Plaintiff brought this action seeking to establish that Mr. Hollar’s policy provided UIM coverage. The trial court found that Allstate was *796required to provide UIM coverage of $25,000 per person / $50,000 per accident. The trial court also found that since the Allstate policy insured two vehicles, the UIM coverage could be stacked. The trial court concluded that since defendant Hawkins’s policy only provided $25,000 in liability coverage, then Allstate was obligated to provide $25,000 in UIM coverage for plaintiff’s claim. From this judgment, Allstate appeals.

Allstate argues that the trial court erred by concluding that Mr. Hollar’s insurance policy contained UIM coverage. We agree.

In determining “whether insurance coverage is provided by a particular automobile liability insurance policy, careful attention must be given to the type of coverage, the relevant statutory provisions, and the terms of the policy.” Smith v. Nationwide Mut. Ins. Co., 328 N.C. 139, 142, 400 S.E.2d 44, 47, reh’g denied, 328 N.C. 577, 403 S.E.2d 514 (1991). In the present case, the type of coverage at issue is UIM coverage and the relevant statute is N.C. Gen. Stat. § 20-279.21(b)(4). At the time of the accident, N.C. Gen. Stat. § 20-279.21(b)(4) provided in relevant part:

[Automobile liability insurance policies] shall. . . provide under-insured motorist coverage, to be used only with policies that are written at limits that exceed those prescribed by subdivision (2) of this section and that afford underinsured motorist coverage as provided by subdivision (3) of this subsection, in an amount equal to the policy limits for automobile bodily injury liability as specified in the owner’s policy.

N.C. Gen. Stat. § 20-279.21(b)(4) (1990). N.C. Gen. Stat. § 20-279.21(b)(2) established the minimum limits for an automobile liability insurance policy as:

[T]wenty-Five Thousand Dollars ($25,000.00) because of bodily injury to or death of one person in any one accident and, subject to said limit for one person, Fifty Thousand Dollars ($50,000.00) because of bodily injury to or death of two or more persons in any one accident.

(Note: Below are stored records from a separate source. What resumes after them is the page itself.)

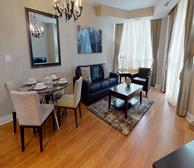 Dining Room Fully Furnished Apartment Suite Markham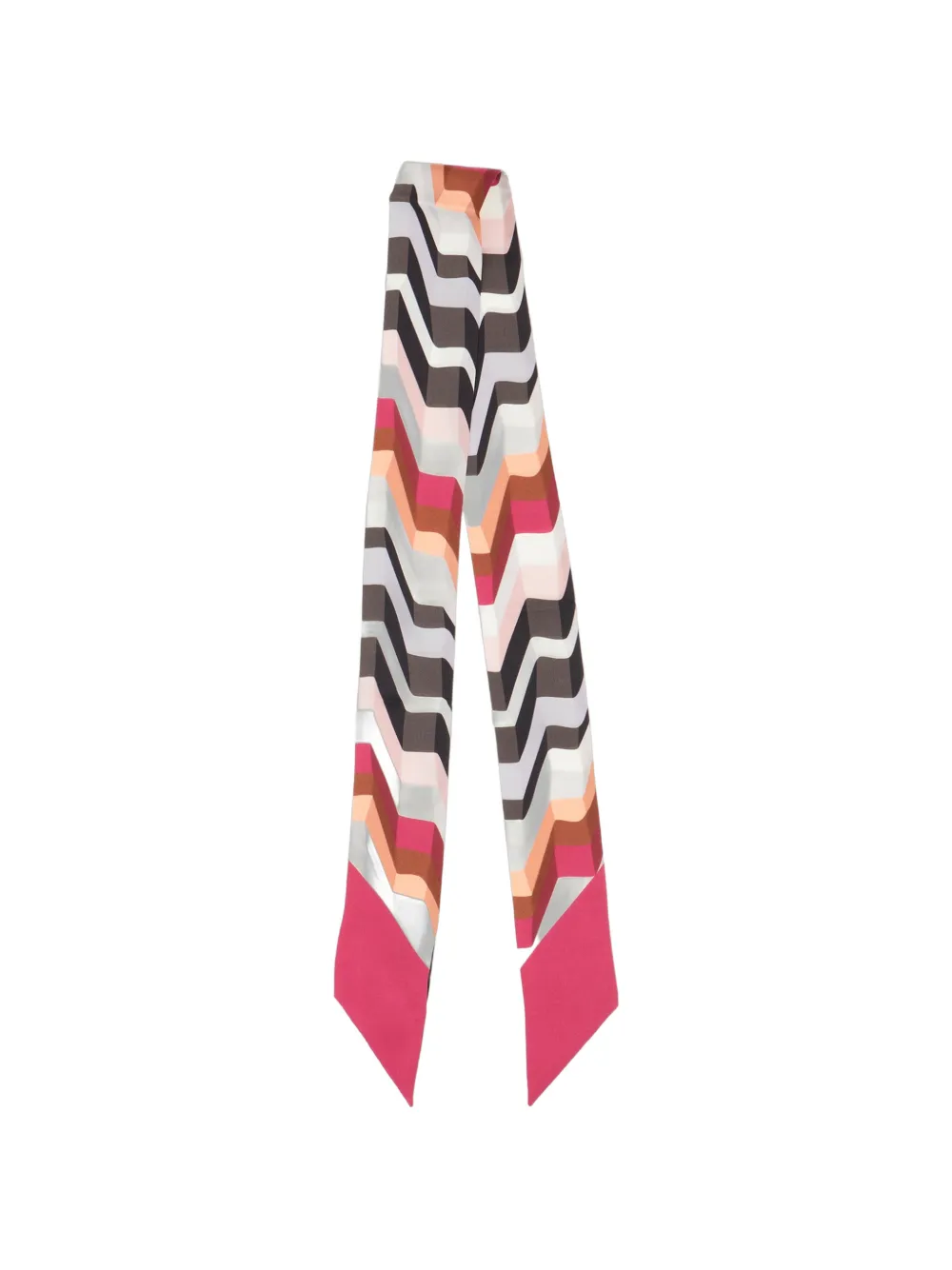 Missoni Seidenschal mit Zickzackmuster - Weiß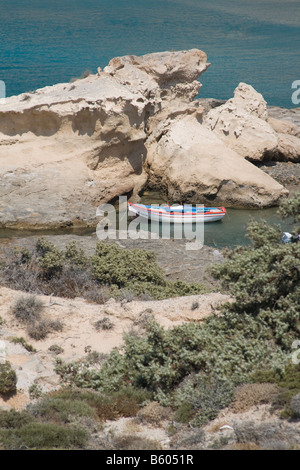 Firiplaka Strand Milos Insel Kykladen Griechenland Stockfoto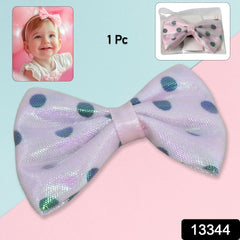 Hair Bow Knot Clip Suitable For Girls (1 Pc), Hair accessories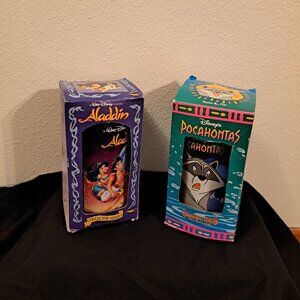 Vintage 1994 Disney Burger King Collector Glasses Set Of 2,Pocahontas&Alladin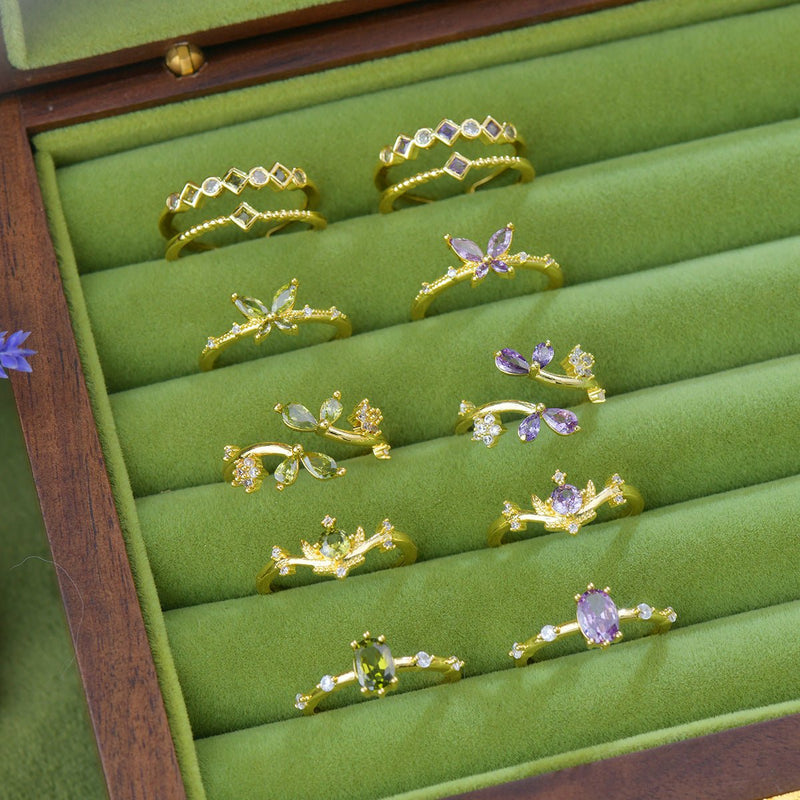 Lavender Whisper Ring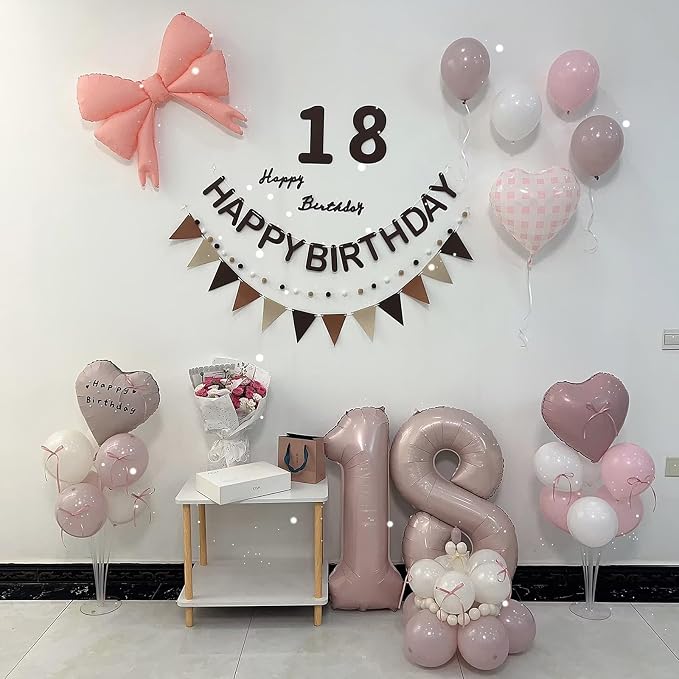 40 Inch Pink Number 7 Foil Balloon - Image 4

N.C. Gen. Stat. § 20-279.21(b)(2) (1990).

UIM coverage allows the insured to recover when the tortfeasor has insurance, but the coverage is insufficient to fully compensate the injured party. Sutton v. Aetna Casualty & Surety Co., 325 N.C. 259, 382 S.E.2d 759 (1989), reh’g denied, 325 N.C. 437, 384 S.E.2d 546 *797(1989). As provided by N.C. Gen. Stat. § 20-279.21(b)(4), UIM coverage “may be obtained only if the policyholder has liability insurance in excess of the minimum statutory requirement.” Smith, 328 N.C. at 147, 400 S.E.2d at 50.

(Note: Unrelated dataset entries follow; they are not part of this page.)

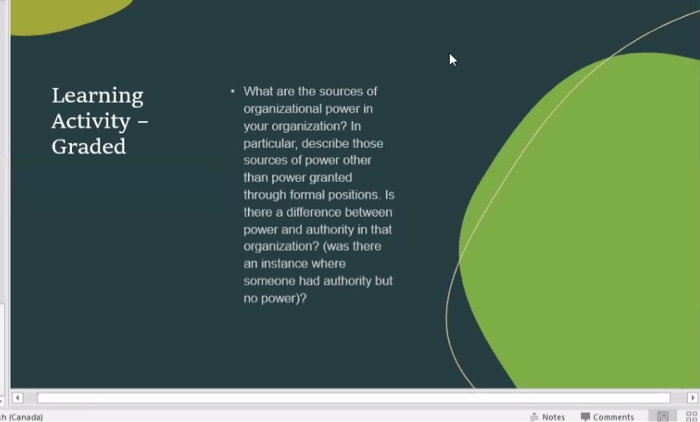 Learning Activity - Graded . What are the sources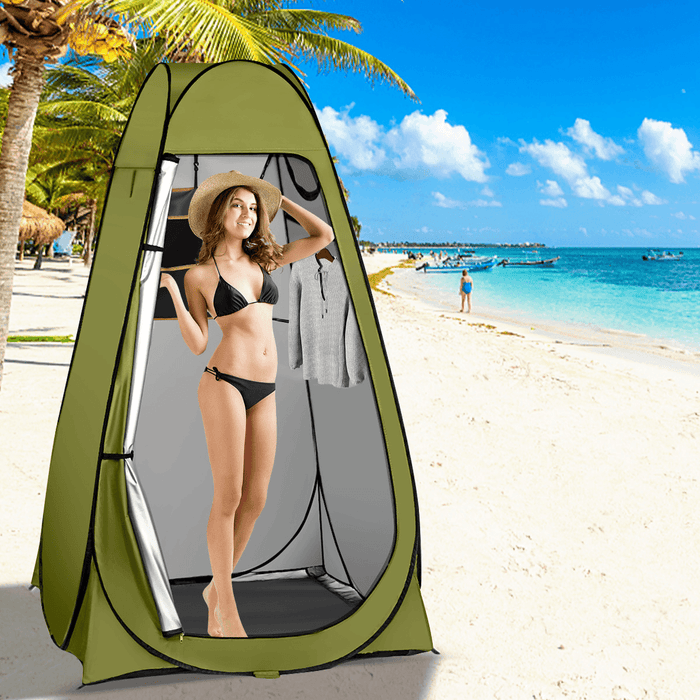 SGODDE Privacy Shower Tent Single Camping Tent Toilet Changing Room Rain Shelter Hiking Beach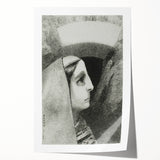 Gothic Woman’s Profile – Dark and Mysterious Gothic Wall Art Canvas Print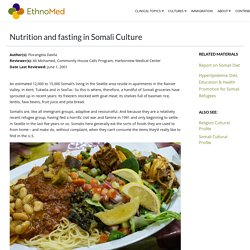 Nutrition and fasting in Somali Culture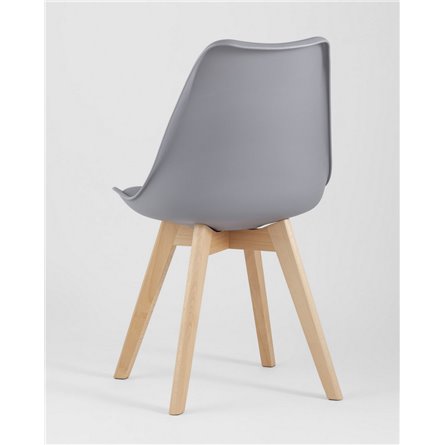 Комплект из четырех стульев|Stool Group|FRANKFURT серый пластик сиденье из экокожи ножки массив бука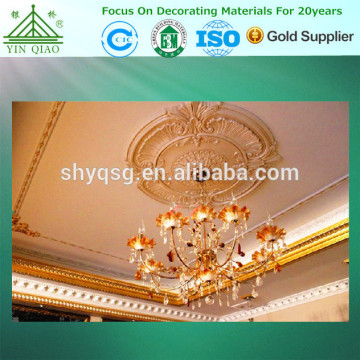 Indoor Luxurious Gypsum Plaster Decorative Ceiling Moldings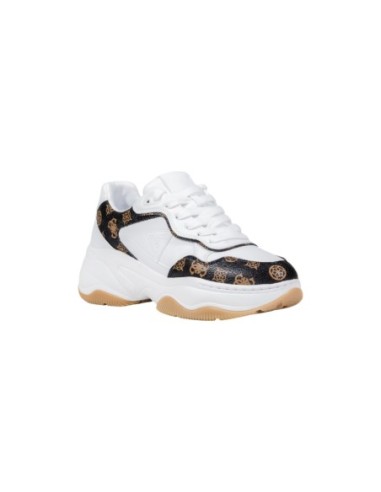 Guess baskets blanches femme multicolores | choixmode.fr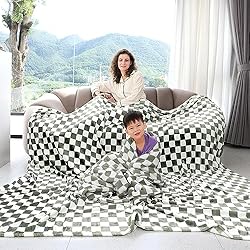 Warm Blanket Soft Cozy Throw Blanket Checkered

In the instant case, Mr. Hollar’s Allstate insurance policy did not contain UIM coverage. The only way, therefore, that plaintiff could receive UIM coverage is if such coverage is written into the policy by statute as a matter of law. Since the policy provided only the minimum statutorily required coverage of $25,000 per person / $50,000 per accident, the policy was not required to provide UIM coverage under N.C. Gen. Stat. § 20-279.21(b)(4). Accordingly, the judgment of the trial court is

Reversed.

Judges EAGLES and MARTIN, Mark D. concur.